Dorry thought of nearly being arrested at the mall. “But why?” she asked, truly bewildered. “Why create this—this whole kingdom—if it’s not for God?”
Zachary snorted. “You really were an easy mark for Fishers, weren’t you, Miss Gullible?” He shook his head. “Sorry. I thought you were smarter than that. Ever notice the offering plate at Fishers services?”
“Sure, but—”
“Pastor Jim’s got a lot of money, thanks to Fishers. He’s got practically a mansion up in Carmel—”
Dorry wasn’t ready to believe that. “No, he’s got an apartment in a bad part of the city. He talks about it all the time.”
“That’s just for show. Or reverse show. You didn’t give a lot of money to Fishers, did you?”
Dorry looked away. “My college savings,” she said.
Zachary didn’t say anything for a minute. Dorry saw that a group of boys sitting nearby were stirring about, looking disturbed.
“At least you didn’t sleep with him. Did you?” Zachary asked.

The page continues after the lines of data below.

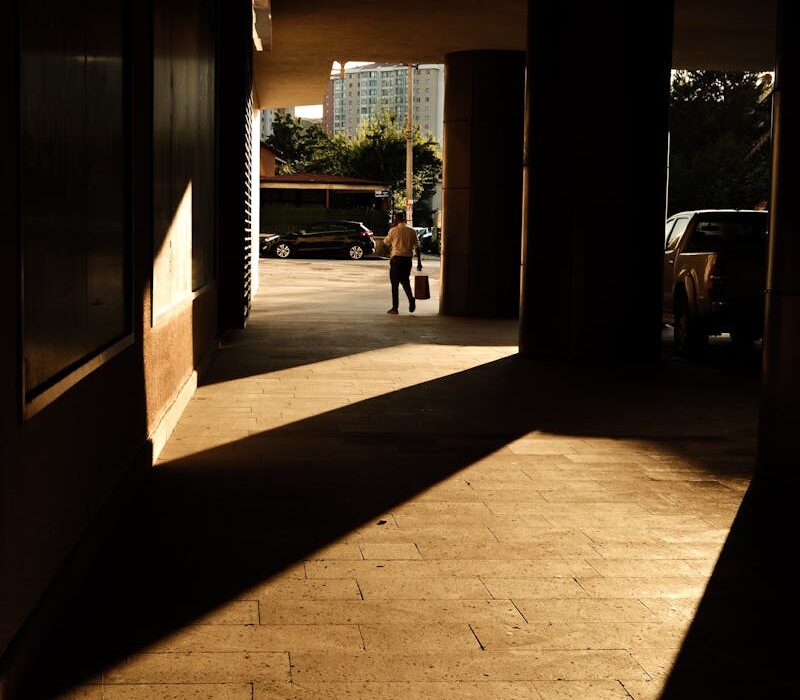 Glimpse of a cityscape through an architectural passage with striking shadows.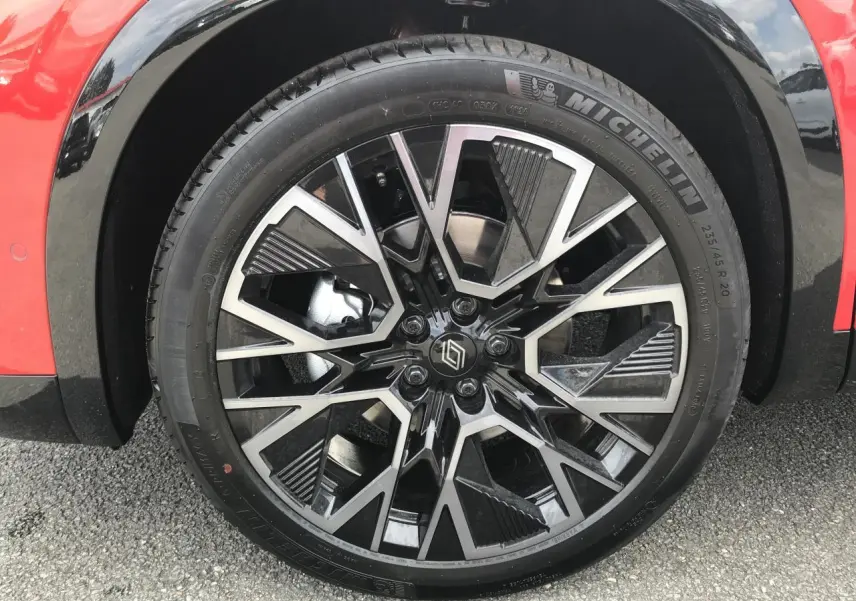 Gros plan sur la jante alliage 20 pouces noire et diamantée du côté avant gauche du Renault Austral rouge et noir.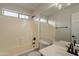 Clean bathroom with shower/tub combo and updated vanity at 3011 E Colonial Pl, Chandler, AZ 85249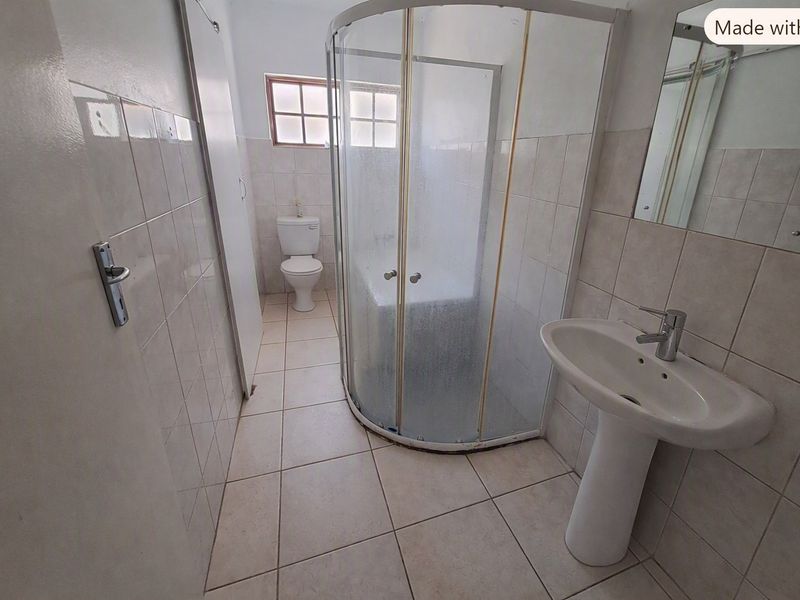A functional bathroom featuring a pedestal basin, a corner shower enclosure, and a toilet with neutral wall and floor tiling.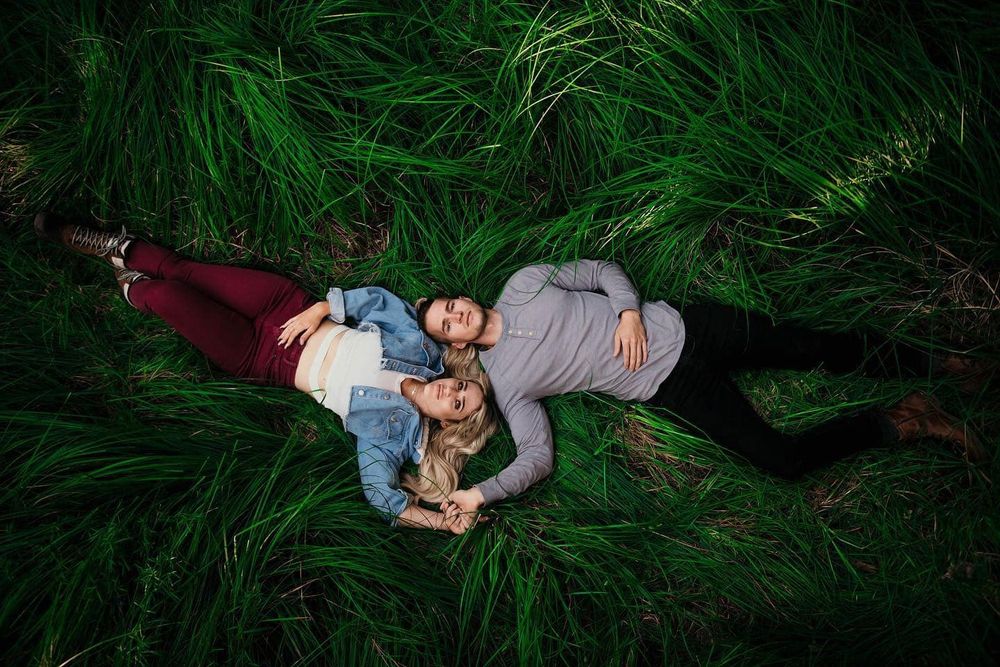 Two people lie in tall green grass during an intimate outdoor photo session.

“What?” Dorry stopped watching the other boys and jerked her attention back to Zachary. “Of course not. Everyone in Fishers says premarital sex is wrong.”
Zachary laughed in a way that made Dorry feel like crying. “Sure, that’s what they say,” he said. “But Pastor Jim probably had half the girls in Fishers. That Angela who was your discipler—I think she was one of his favorites.”

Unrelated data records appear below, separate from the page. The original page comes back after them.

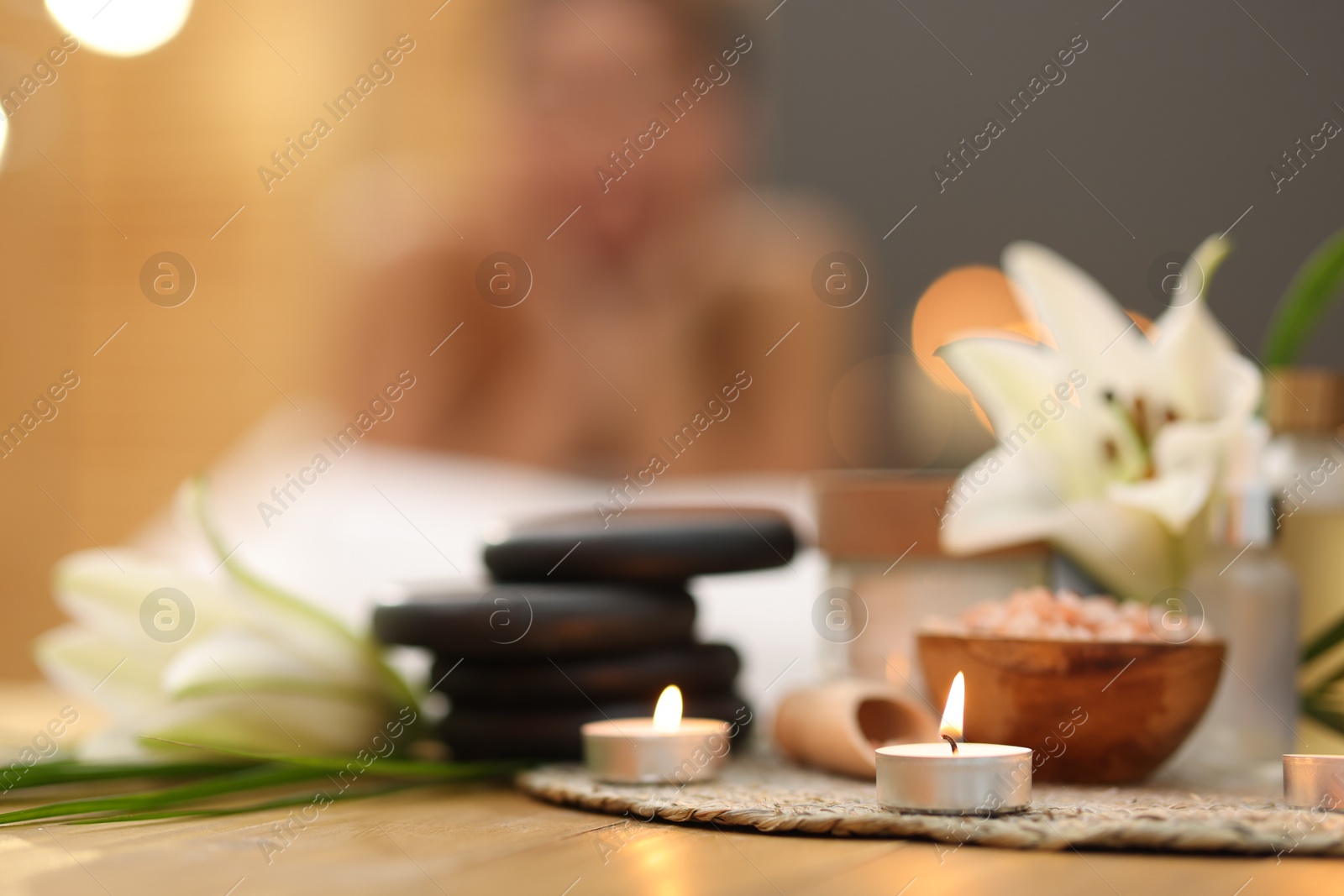 Beautiful woman relaxing on massage couch indoors, focus on different spa products and lily flowers Photo of Beautiful woman relaxing on massage couch indoors, focus on different spa products and lily flowers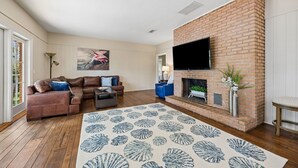 Un salon avec une cheminée en briques, un téléviseur à écran plat fixé au-dessus, un canapé en cuir marron, un fauteuil bleu et un tapis à motifs.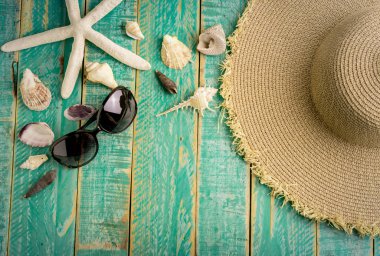 Deniz kabuklarını hasır şapka ve sunglass yeşil ahşap tahta üzerinde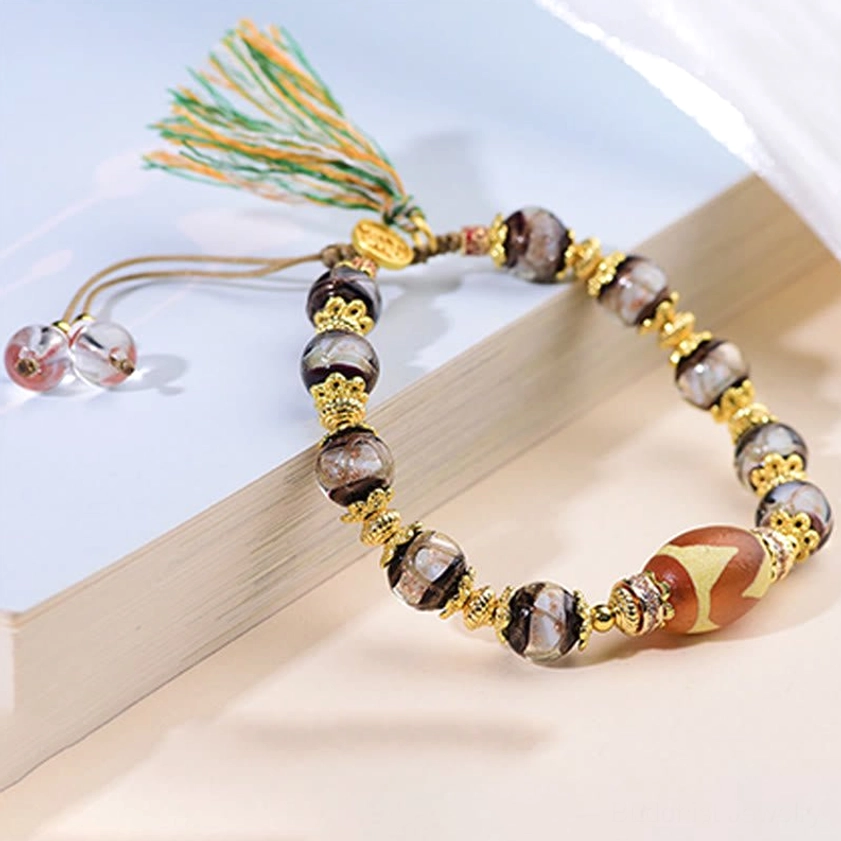 Nine-eye dzi bead bracelet detail shot highlighting incense ash liuli glass beads and spiritual craftsmanship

“That’s ridiculous,” Dorry said. But she remembere
d the spark Angela had had with Pastor Jim at that first party, the looks that had traveled between them.
“He tells girls it’s their sacrifice for God,” Zachary said.

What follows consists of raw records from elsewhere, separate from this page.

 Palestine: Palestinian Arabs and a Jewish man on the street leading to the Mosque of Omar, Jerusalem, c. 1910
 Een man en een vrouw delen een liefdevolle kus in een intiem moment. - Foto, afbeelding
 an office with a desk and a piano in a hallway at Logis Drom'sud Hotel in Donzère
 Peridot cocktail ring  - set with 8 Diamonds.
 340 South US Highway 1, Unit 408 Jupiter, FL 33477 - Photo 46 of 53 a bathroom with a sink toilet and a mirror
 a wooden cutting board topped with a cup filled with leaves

Dorry could imagine Pastor Jim saying that, could picture his mouth forming those words. And then did everyone comply? Why had he never asked her? Too ugly, a voice said in her head. Someone who could have any girl in Fishers wouldn’t have wanted you. She felt rejected all over again. Shouldn’t she feel relieved instead? She struggled to keep her expression neutral, to act like Zachary’s words didn’t bother her. Zachary wasn’t even watching.
“Meanwhile, all the new male Fishers are told abstinence is sacred, that they mustn’t even think of girls or they will burn in hell,” he said. “Aren’t you, guys?”
Zachary spoke over Dorry’s shoulder, directing his voice to the group of boys behind her. They whispered among themselves, then each of them shoved out his chair and stood up, almost in synchronicity. They all but marched past Zachary and Dorry, their heads held high, eyes straight ahead. Only one scrawny, nervous-looking boy darted his eyes toward Zachary and Dorry. Then he quickly looked away.
Zachary laughed and laughed. “Can’t bear hearing the truth, huh?” he shouted after them.
One of the boys—a tall, imposing guy, more muscular than many football players Dorry had seen—turned around and walked back. He leaned both hands on the table beside Dorry and looked down at Zachary. The table groaned. “Zachary Haines, you are filled with evil,” he said in a booming voice. “You have ensured your place in hell by trying to tempt new believers. But you will not triumph.”
It scared Dorry, and she wasn’t even the one being condemned. Zachary only laughed harder. “You guys really have to come up with some new threats,” he shot back. “That hell thing is getting old.”
The muscular guy didn’t respond. He glanced once at Dorry—dismissively, like she was an insect or some other creature without a soul to go to heaven or hell. Then he turned with military precision and walked away.